Harvard, M.I.T. and Systemic Antisemitism

This Monday, March 11, roughly 200 Jewish students and supporters marched through the campus of the University of California, Berkeley, and it was newsworthy that they were not attacked. Local news hailed that they were able to, as one headline noted, “successfully march without confrontation.”

The march came two weeks after violent protests forced the cancellation of an event that was to feature an Israeli speaker and was organized by Jewish students. The event — which had already been moved from another location because of safety concerns — was canceled, and the building evacuated by police, after protesters broke through doors and reportedly assaulted Jewish students. There was no way to ensure safety, university administrators explained, “given the size of the crowd and the threat of violence.”

At the time that I read accounts of the violence at Berkeley, I was also reading two legal complaints about antisemitism on elite college campuses, one filed against Harvard and the other against the Massachusetts Institute of Technology. Both complaints make for horrifying reading, detailing a cascading series of antisemitic incidents, including acts of violence and physical intimidation.
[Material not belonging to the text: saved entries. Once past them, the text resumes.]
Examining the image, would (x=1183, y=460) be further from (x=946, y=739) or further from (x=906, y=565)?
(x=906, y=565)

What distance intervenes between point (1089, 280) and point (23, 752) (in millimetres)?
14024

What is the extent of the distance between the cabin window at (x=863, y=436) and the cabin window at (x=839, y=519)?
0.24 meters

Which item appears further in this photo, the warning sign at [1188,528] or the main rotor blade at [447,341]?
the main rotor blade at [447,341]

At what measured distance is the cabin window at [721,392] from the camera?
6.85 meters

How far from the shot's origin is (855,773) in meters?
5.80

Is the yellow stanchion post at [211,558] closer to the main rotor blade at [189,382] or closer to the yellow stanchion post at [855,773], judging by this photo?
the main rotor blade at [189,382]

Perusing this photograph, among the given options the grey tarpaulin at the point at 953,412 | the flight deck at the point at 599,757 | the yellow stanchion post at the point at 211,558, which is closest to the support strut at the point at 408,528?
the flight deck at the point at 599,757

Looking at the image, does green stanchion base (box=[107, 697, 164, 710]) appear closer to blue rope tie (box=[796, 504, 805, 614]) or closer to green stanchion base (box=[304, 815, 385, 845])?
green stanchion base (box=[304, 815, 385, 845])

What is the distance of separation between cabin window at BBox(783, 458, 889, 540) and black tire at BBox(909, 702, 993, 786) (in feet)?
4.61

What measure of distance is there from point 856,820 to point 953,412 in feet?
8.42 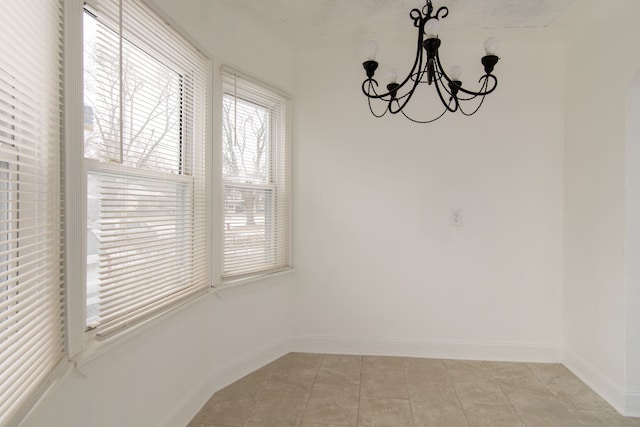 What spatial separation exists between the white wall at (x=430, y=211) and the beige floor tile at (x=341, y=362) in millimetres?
93

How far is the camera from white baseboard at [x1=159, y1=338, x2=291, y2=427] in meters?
1.93

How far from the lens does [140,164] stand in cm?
163

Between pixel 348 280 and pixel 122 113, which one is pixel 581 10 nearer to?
pixel 348 280

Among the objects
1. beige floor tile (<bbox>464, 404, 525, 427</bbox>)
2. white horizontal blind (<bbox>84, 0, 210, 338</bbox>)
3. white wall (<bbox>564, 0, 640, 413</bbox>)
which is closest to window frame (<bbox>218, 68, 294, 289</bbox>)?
white horizontal blind (<bbox>84, 0, 210, 338</bbox>)

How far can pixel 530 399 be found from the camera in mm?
2250

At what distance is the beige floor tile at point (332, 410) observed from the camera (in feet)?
6.69

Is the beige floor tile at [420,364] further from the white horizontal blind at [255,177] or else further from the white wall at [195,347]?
the white horizontal blind at [255,177]

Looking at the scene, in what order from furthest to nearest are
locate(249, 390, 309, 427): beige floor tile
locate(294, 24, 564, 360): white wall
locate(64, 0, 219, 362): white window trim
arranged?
locate(294, 24, 564, 360): white wall → locate(249, 390, 309, 427): beige floor tile → locate(64, 0, 219, 362): white window trim

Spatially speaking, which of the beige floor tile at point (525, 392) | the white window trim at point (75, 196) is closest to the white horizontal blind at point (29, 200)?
the white window trim at point (75, 196)

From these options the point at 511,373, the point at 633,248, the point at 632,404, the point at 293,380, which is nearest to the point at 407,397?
the point at 293,380

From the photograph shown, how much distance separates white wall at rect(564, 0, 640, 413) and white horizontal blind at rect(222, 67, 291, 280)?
2265mm

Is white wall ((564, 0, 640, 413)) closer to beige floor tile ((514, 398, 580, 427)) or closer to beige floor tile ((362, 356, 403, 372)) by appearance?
beige floor tile ((514, 398, 580, 427))

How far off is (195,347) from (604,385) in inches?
107

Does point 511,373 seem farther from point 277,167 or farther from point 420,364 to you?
point 277,167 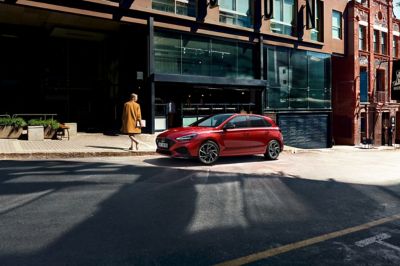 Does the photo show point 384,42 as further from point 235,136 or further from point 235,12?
point 235,136

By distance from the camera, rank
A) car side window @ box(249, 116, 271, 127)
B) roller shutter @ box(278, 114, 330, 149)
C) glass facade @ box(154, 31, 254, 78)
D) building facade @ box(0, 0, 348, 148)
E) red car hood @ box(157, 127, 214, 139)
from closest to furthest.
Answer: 1. red car hood @ box(157, 127, 214, 139)
2. car side window @ box(249, 116, 271, 127)
3. building facade @ box(0, 0, 348, 148)
4. glass facade @ box(154, 31, 254, 78)
5. roller shutter @ box(278, 114, 330, 149)

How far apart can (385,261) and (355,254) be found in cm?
29

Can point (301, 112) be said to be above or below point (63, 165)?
above

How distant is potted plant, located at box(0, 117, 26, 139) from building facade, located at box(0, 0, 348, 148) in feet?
15.1

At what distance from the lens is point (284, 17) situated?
22.7 metres

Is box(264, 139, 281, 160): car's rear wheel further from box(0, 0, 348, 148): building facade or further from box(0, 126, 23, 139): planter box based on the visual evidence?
box(0, 126, 23, 139): planter box

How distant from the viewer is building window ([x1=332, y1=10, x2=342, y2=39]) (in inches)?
1041

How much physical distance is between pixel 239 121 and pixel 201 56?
8624 mm

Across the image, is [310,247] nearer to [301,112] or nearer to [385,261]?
[385,261]

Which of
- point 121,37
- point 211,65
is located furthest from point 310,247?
point 121,37

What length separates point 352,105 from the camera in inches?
1079

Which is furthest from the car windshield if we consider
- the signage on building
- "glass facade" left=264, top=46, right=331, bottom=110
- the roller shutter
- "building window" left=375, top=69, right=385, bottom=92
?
"building window" left=375, top=69, right=385, bottom=92

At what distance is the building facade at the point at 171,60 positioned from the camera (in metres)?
16.7

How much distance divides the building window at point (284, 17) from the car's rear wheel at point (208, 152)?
14.3m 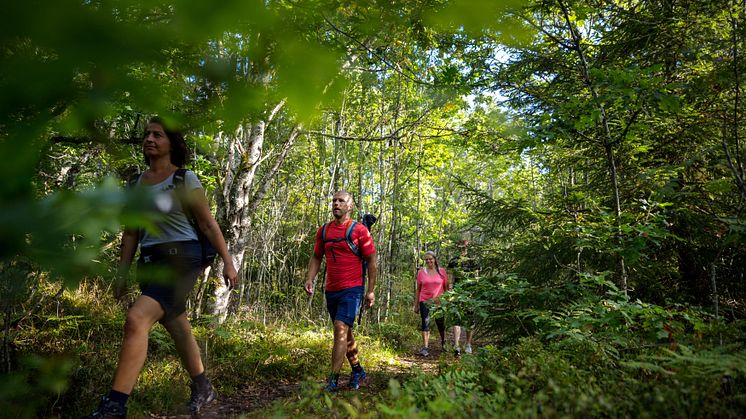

The moral and legal injury is compounded by blatant double standards on the part of the universities. As the complaint filed against Harvard states, “Harvard permits students and faculty to advocate, without consequence, the murder of Jews and the destruction of Israel, the only Jewish country in the world. Meanwhile, Harvard requires students to take a training class that warns that they will be disciplined if they engage in sizeism, fatphobia, racism, transphobia, or other disfavored behavior.”

I spent virtually my entire legal career defending free speech on campus, including the free speech of Muslim students and staff members. I’ve also walked through metal detectors at a tense and volatile Columbia University to defend the academic freedom of Jewish students challenging antisemitic statements made by university professors. And during those decades of litigation and my subsequent years in journalism, I have never seen such comprehensive abuse directed against a vulnerable campus minority group as I’ve seen directed at Jewish students and faculty since Hamas’s terror attack on Oct. 7.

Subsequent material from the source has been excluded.